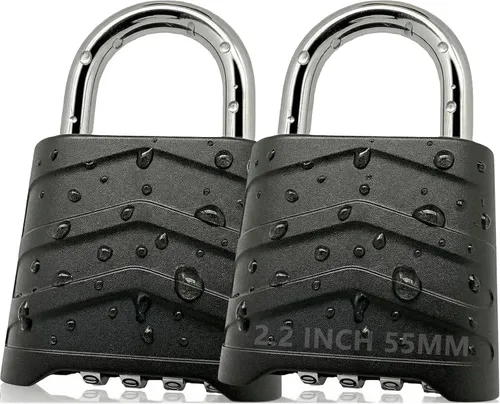Vista 8 de SEPOX 10 candados combinados resistentes a la intemperie de 2.2 pulgadas, 4 cerraduras digitales grandes para exteriores, cuerpo de bloqueo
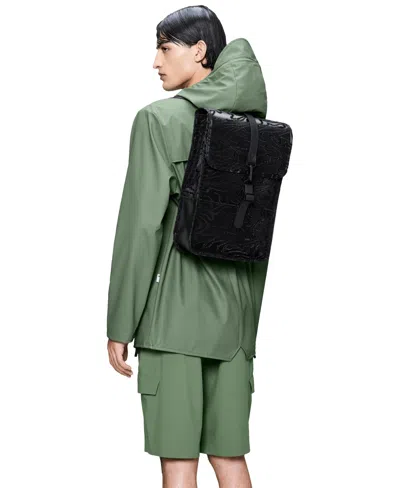 Rains Mini Abstract-print Backpack In Black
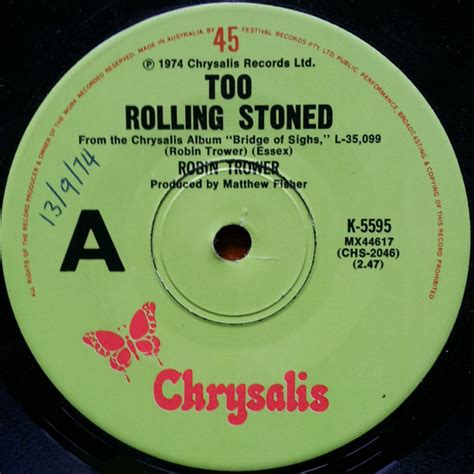 Robin Trower Too Rolling Stoned 1974 Vinyl Discogs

..........

> What is required
Give the listing again word for word, but drop every picture.

> Written solution
Vista 8 de SEPOX 10 candados combinados resistentes a la intemperie de 2.2 pulgadas, 4 cerraduras digitales grandes para exteriores, cuerpo de bloqueo
 Rains Mini Abstract-print Backpack In Black
 Robin Trower Too Rolling Stoned 1974 Vinyl Discogs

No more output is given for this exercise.